The taxpayer attempted to deduct the cost of expenses associated with investigating his father’s death, including the hiring of private investigators, forensic experts, morticians, and writers. The taxpayer hoped that his investigation would lead to a book or movie contract. The taxpayer deducted the costs ($6.4 million) incurred in his pursuit of the truth of his father’s death. The taxpayer never received a dollar of revenue. The United State Tax Court ruled:

"By January 2008 petitioner had been investigating his father’s death for five

years. As of that time, his investigative activities had not generated a single dollar of revenue. Those activities generated no income during 2008, 2009, or 2010, and petitioner had no reasonable prospect of generating future income. Petitioner never developed a business plan for commercializing his father’s story. He has no professional background in writing, book publishing, or media. He did not modify the scale or scope of his investigative activities during 2008-2010 in an effort to minimize the substantial losses he was incurring."

The income tax regulations enumerate a non-exclusive list of factors in determining if a taxpayer engages in an activity for profit. The factors enumerated are:

  1. The manner in which the taxpayer conducts the activity; 
  2. The expertise of the taxpayer or his advisers;
  3. The time and effort spent by the taxpayer in carrying on the activity;
  4. The expectation that assets used in the activity may appreciate in value; 
  5. The success of the taxpayer in carrying on other similar or dissimilar activities; 
  6. The taxpayer’s history of income or loss with respect to the activity; 
  7. The amount of occasional profits, if any; 
  8. The financial status of the taxpayer; 
  9. The presence of personal pleasure or recreation.

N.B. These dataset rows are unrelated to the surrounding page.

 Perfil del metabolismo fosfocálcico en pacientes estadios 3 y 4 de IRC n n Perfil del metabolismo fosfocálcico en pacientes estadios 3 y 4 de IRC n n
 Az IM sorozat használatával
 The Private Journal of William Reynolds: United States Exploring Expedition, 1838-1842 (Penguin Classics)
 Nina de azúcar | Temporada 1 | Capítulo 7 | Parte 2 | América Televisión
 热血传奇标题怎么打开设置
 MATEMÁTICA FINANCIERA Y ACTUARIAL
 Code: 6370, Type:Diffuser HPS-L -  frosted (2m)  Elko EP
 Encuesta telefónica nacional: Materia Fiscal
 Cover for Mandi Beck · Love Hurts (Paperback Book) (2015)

In applying the above factors to a particular activity, no one factor is determinative. A rebuttable presumption exists that an activity is engaged in for profit if the taxpayer can establish that in three of the five consecutive taxable years, including the tax year in question, income exceeds the deductions for those three years. If the taxpayer is engaged in an activity of breeding, training, showing, or racing horses, the presumption is applied by substituting two years for three years and seven years for five years. Thus, for purposes of applying the rebuttable presumption, horse-related activities receive more lenient treatment. The income tax regulations fine-tune how this rebuttable presumption is applied.

A recent case illustrates how a facts and circumstances analysis resulted in a taxpayer win. The taxpayers, who had no prior ranching experience, acquired a 1,100-acre cattle ranch for $2 million. Originally, the taxpayers expected that they would earn a profit from cattle sales and guided hunting expeditions. The taxpayers hired an experienced ranch manager. The taxpayers soon learned that cattle ranching was an uneconomical business, and the liability insurance premiums on guided hunting tours was exorbitant. As a result, the taxpayers changed their focus from cattle ranching to making improvements to the ranch for the purpose of profiting from the appreciation of the underlying real estate. While conceding that this was a “close case,” the United States Tax Court Judge held that the presence of a professional manager and the maintaining of “complete and accurate books” was evidence of a profit motive. 

What is the bottom line? If a taxpayer intends to engage in a high-profile activity with elements of personal pleasure, the taxpayer should confer with a tax professional as soon as possible before commencing business operations. Hire competent advisors and keep accurate books.